On the left, debates around a government-provided basic income have gained a new prominence lately, especially in parts of Europe and North America. Much of the momentum behind the push for a basic income derives from the fear that automation will soon make many job obsolete, rendering workers will be unable to earn a wage. In the Boston Review, Brishen Rogers, a law professor at at Temple University in Philadelphia, shifts the emphasis of the basic-income argument, suggesting that a basic income necessary not so much to protect people form unemployment, but rather to protect them from from precarious and poorly paid employment. Here’s an excerpt:
This account changes the case for a basic income. Many of today’s basic income proponents are libertarians and view the policy as a means of compensating losers, or as an excuse to repeal wage per hour or collective bargaining laws. Few are concerned about public goods, workers’ and capital owners’ entitlements within the firm, the power of various social groups, the ability of workers to organize collectively, and the question of what constitutes good work, not just jobs.
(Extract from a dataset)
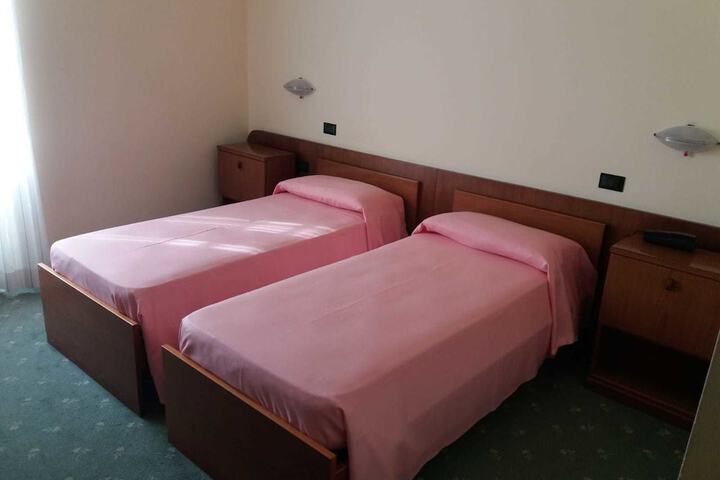 Room 7 of 23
An alternative case for basic income draws from classic commitments to social democracy, or an economic system in which the state limits corporate power, ensures a decent standard of living for all, and encourages decent work. In the social democratic view, however, a basic income would be only part of the solution to economic and social inequalities—we also need a revamped public sector and a new and different collective bargaining system. Indeed, without such broader reforms, a basic income could do more harm than good.